Le passage au chapitre de l'homosexualité est ponctué par un retour à la foule du métro. Puis l'on enchaîne sur un travesti homo délirant et plutôt courageux ; il traverse la ville en faisant la folle. Tout un groupe de curieux est à ses trousses, certains sont amusés ou compatissants, d'autres franchement hostiles : « Je suis un être humain qui joue des rôles différents », explique Nosla.

Le cinéaste, un peu à la manière de Pasolini jouant les interviewers dans Comizi d'Amore, interroge les gens. Puis on change de scène, et on alterne entre deux homosexuels dans un café et deux homosexuels dans un parc. Les visages demeurent dans l'obscurité. « J'ai l'air d'un homme pas très correct ? dit l'un. Je suis comme tout le monde. » Ou bien : « D'ailleurs, les homosexuels ont souvent un niveau intellectuel supérieur aux autres », ou : « J'aimerais avoir un partenaire attitré », ou encore pour les lieux de rencontre : « Dans n'importe quelles toilettes publiques ». Et puis l'on voit des garçons qui attendent contre des murs couleur brique, et qui tournent, se retournent… Les jeunes pédés semblent informés des risques de sida : « Le nombre de contacts est un facteur déterminant, explique l'un, et j'ai peur, comme tout le monde, surtout des étrangers. » Mais quelqu'un de la foule qui suit Nosla exprime l'état de l'opinion générale : « Il représente le sida. »

Les drogués enfin, scène introduite par des rockers soviétiques bardés de cuir, ados diaboliques aux longs cheveux d'anges.

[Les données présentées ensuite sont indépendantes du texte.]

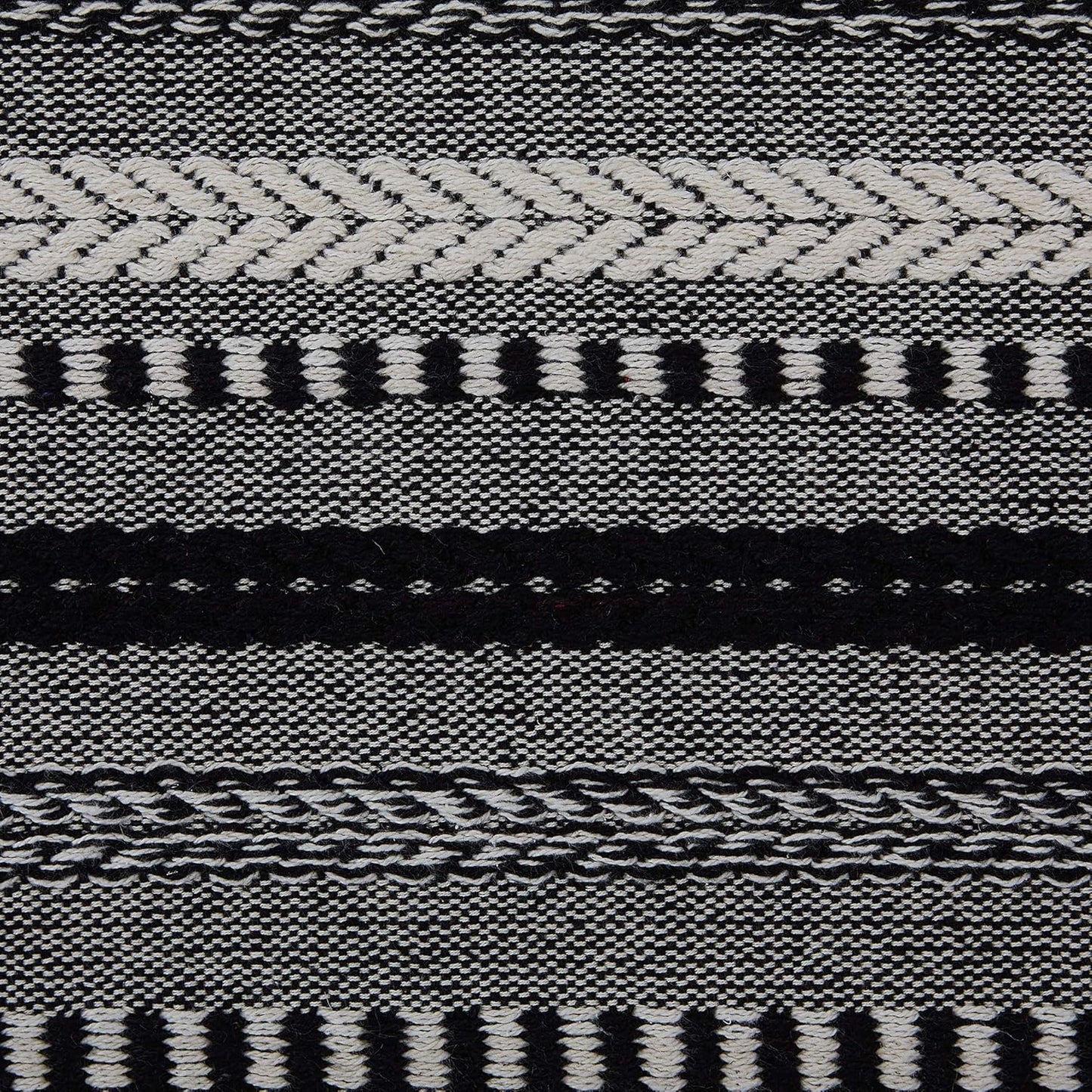 DII Farmhouse Braided Stripe Table Runner Collection, 15x72 (15x77, Fringe Included), Black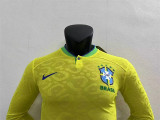 Long sleeve 2022 Brazil home Player Version Thailand Quality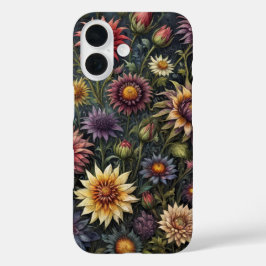 Olie geschilderde bloemen op donkere kaft iPhone 16 hoesje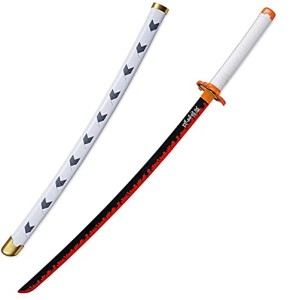 KELEBUE 104cm/80cm, Demon Slayer Cosplay, Rengoku Kyoujurou, Fait Main, Katana, Fans D'Anime, Bois Exquis, éPéEs, Objets De Collection, Cadeaux, ...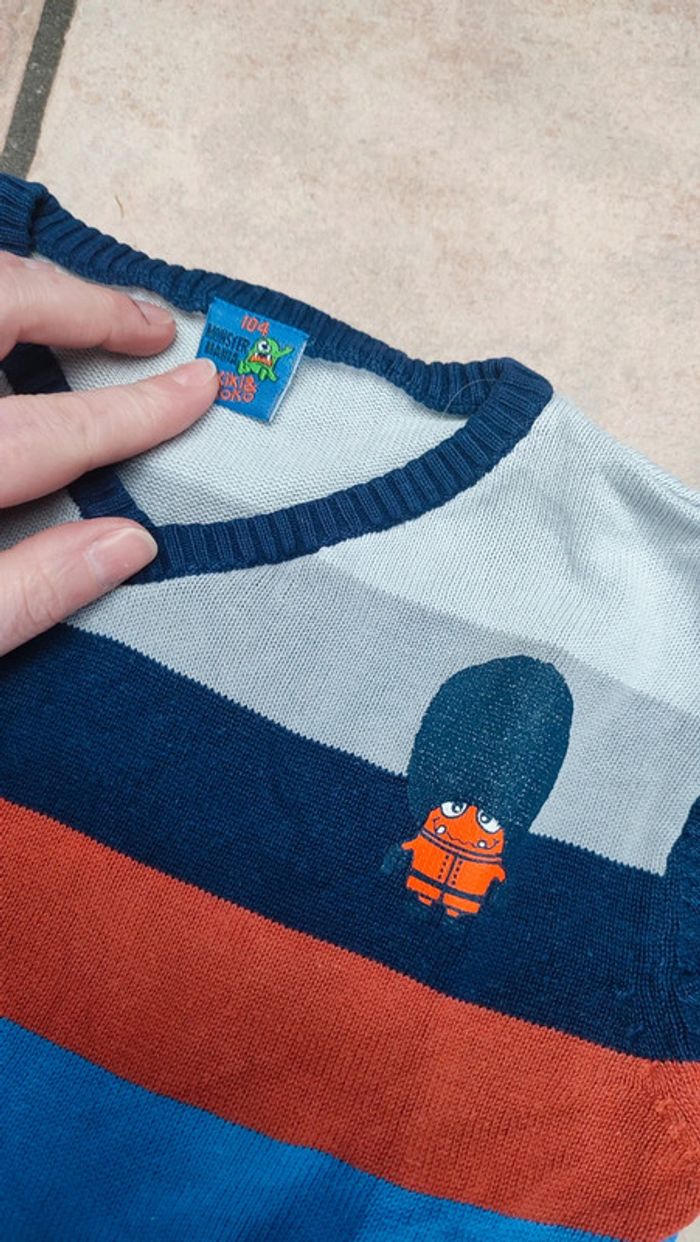 Pull rayé bleu rouge - photo numéro 2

Le réalisateur, Andreï Nikichine ne tient à aucun moment un discours moralisant et semble avoir pour ses personnages une réelle tendresse. D'ailleurs, le sida est bien peu évoqué tout au long de ce film : comme s'il n'était qu'un prétexte scientifique, qui permettrait de présenter les groupes marginaux plus dans leurs modes de vie que comme groupes à risques.